Преодоление | страница 41
— …Величие… предначертания… космос… галактика…
В это время со стороны поляны, где стояла машина Хрулева, раздались шум, громкие возгласы.
— Эй! Братцы, народ, слушайте!
— Колька, включи скорей транзистор!
— Тише, вы!
— Еще один наш корабль в космосе!
— Женщина в космосе! «Чайка»!
— Ух, ты! Да за это… Васильич, ставь народу бочку пива!
*— Ур–р-ра нашим девкам!
— Вот, товарищи, еще одно событие века, — воскликнул Круцкий, — и мы с вами его непосредственные участники потому, что и наши подшипники работают сейчас в бездонном небе во славу Родины!
Ветлицкий не стал больше слушать ораторствующего Круцкого, побрел за пределы поляны, заглядывая попутно в гущу подлеска. Он знал своих наладчиков — хватят лишку, значит, будут завтра думать не о работе, а о похмелке.
Нередко случается так, что в лес влюбляются именно те люди, которые выросли в степях или горах. То же и с Ветлицким. Детство и юность прошли на берегах Волги, где леса давно извели, видел их больше в кино да на картинах Шишкина, а все равно наибольшее наслаждение бывает у него при встрече с лесом.

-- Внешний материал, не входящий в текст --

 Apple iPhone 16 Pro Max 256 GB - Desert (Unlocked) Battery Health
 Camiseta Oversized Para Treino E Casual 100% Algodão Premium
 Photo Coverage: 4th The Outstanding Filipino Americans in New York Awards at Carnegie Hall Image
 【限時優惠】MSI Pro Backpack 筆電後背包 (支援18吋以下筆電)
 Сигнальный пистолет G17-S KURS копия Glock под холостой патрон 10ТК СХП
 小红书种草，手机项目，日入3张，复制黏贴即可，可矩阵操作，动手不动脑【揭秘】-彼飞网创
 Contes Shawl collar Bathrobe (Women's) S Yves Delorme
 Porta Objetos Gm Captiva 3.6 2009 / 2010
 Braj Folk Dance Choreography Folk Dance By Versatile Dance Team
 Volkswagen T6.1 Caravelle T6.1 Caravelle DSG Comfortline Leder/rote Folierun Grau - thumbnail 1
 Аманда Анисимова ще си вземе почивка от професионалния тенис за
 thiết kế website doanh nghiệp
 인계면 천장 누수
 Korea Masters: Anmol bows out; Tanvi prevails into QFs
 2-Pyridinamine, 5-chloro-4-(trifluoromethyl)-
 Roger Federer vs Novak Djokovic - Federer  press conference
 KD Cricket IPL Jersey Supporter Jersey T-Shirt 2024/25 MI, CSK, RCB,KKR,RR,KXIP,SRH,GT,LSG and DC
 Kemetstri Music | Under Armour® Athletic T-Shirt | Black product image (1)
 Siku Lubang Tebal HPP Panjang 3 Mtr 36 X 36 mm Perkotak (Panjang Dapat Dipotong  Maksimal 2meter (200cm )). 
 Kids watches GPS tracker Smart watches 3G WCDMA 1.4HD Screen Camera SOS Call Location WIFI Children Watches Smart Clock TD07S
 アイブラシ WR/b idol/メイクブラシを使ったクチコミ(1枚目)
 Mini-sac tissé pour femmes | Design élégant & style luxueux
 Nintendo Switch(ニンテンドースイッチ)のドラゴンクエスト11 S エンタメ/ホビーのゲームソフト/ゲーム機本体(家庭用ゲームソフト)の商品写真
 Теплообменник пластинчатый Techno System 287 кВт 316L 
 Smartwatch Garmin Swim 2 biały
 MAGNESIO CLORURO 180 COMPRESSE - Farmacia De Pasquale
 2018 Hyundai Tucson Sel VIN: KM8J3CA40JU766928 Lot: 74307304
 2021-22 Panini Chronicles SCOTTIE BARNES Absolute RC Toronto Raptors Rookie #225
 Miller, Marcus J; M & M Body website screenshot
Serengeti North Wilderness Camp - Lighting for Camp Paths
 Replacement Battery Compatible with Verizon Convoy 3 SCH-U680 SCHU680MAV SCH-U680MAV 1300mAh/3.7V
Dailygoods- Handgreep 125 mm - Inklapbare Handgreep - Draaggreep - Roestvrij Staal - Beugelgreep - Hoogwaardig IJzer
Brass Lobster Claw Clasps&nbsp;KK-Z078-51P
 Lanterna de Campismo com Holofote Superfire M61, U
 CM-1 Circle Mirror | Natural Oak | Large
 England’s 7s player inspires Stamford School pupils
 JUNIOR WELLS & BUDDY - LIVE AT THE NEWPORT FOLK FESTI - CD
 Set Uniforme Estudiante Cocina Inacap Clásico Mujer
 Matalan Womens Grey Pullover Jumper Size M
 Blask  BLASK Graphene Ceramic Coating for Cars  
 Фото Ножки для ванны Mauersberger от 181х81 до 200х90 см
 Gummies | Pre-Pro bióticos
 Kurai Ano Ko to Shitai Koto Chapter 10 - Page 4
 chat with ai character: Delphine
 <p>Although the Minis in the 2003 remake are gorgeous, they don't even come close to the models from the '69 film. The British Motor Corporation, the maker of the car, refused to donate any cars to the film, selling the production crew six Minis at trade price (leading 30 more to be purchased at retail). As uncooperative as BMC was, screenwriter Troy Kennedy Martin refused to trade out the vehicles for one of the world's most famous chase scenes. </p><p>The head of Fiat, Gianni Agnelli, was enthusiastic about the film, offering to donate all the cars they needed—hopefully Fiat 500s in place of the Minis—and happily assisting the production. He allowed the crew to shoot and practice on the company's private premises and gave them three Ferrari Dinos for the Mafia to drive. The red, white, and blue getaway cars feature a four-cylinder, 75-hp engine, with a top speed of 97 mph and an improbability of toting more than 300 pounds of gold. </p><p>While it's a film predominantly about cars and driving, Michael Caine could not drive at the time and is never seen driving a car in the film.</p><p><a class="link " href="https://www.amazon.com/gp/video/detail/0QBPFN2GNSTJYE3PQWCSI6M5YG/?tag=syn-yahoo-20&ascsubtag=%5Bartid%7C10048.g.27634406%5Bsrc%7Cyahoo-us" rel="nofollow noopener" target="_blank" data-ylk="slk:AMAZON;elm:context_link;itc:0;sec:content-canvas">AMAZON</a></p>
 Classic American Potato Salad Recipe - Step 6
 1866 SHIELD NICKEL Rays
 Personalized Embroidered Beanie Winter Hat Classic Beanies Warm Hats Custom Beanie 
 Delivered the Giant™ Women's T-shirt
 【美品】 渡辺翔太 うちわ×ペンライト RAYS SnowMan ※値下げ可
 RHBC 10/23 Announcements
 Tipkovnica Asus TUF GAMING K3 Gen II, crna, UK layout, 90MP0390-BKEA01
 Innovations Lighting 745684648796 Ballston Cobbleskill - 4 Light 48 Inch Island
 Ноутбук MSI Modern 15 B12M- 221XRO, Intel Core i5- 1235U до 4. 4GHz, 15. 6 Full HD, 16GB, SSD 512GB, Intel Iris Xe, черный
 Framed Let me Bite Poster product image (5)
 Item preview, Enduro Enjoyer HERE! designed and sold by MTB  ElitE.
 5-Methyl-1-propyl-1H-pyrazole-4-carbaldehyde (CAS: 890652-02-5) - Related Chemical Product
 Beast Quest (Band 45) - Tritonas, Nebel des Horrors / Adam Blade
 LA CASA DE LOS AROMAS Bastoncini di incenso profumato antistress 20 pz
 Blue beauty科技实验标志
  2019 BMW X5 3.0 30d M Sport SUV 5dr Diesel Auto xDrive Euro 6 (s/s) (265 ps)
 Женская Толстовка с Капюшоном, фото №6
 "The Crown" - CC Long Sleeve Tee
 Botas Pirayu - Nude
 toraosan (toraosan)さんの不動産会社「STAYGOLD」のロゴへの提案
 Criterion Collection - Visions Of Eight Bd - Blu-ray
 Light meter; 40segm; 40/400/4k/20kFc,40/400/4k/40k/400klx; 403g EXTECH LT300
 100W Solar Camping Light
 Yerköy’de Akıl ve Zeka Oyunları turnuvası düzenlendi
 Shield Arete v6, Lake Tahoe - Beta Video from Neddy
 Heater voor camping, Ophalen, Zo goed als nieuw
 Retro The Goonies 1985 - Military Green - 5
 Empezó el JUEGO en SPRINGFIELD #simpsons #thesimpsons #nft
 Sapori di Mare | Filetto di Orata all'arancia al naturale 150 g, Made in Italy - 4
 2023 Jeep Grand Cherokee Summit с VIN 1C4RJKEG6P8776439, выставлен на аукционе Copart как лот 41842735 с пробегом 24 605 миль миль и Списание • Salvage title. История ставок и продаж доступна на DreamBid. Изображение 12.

Вот и сейчас, незаметно для самого себя, он все дальше и дальше уходил от ромашковой поляны. Уже не стало слышно людских голосов, звуков баяна, впереди, за ольшаником показался — другой, смешанный с березками. Ветлицкий вошел в него и замер с приподнятой ногой: впереди в траве гордо краснела головка подосиновика — едва не наступил на нее. Вынул нож, срезал первый в этом году настоящий гриб, насадил на прутик и пошел дальше, не глядя куда, шаря по земле глазами неопытного грибника.
Мягкая тишина нарушалась лишь хрустом валежника под собственными каблуками, никли притомившиеся на жгучем солнце березы, под ними то чернуха выглянет из‑под кустика зеленого, то блеснет застенчиво лисичка под хвойной тенью и вот — ноги сами останавливаются у старой осины, у подножья которой словно пушистый коврик расстелен — густо зеленеет чистейший мох. Ну как удержаться, ну как не потрогать, не погладить, не припасть на минутку разгоряченной щекой?
Ветлицкий всем лицом прижался к прохладным ворсинкам, к благоухающим горьковатой сыростью опавшим листьям. Над головой жужжала залетная пчела, в зарослях копошились зяблики, откуда‑то появилась кукушка и принялась отсчитывать кому‑то года. Ветлицкий слушал лесные голоса, слушал перекрывавший их рокот козодоя и не заметил, как задремал.
Разбудил его негромкий шепот:
— Не трожь, а то еще стукнет. Он выпивший.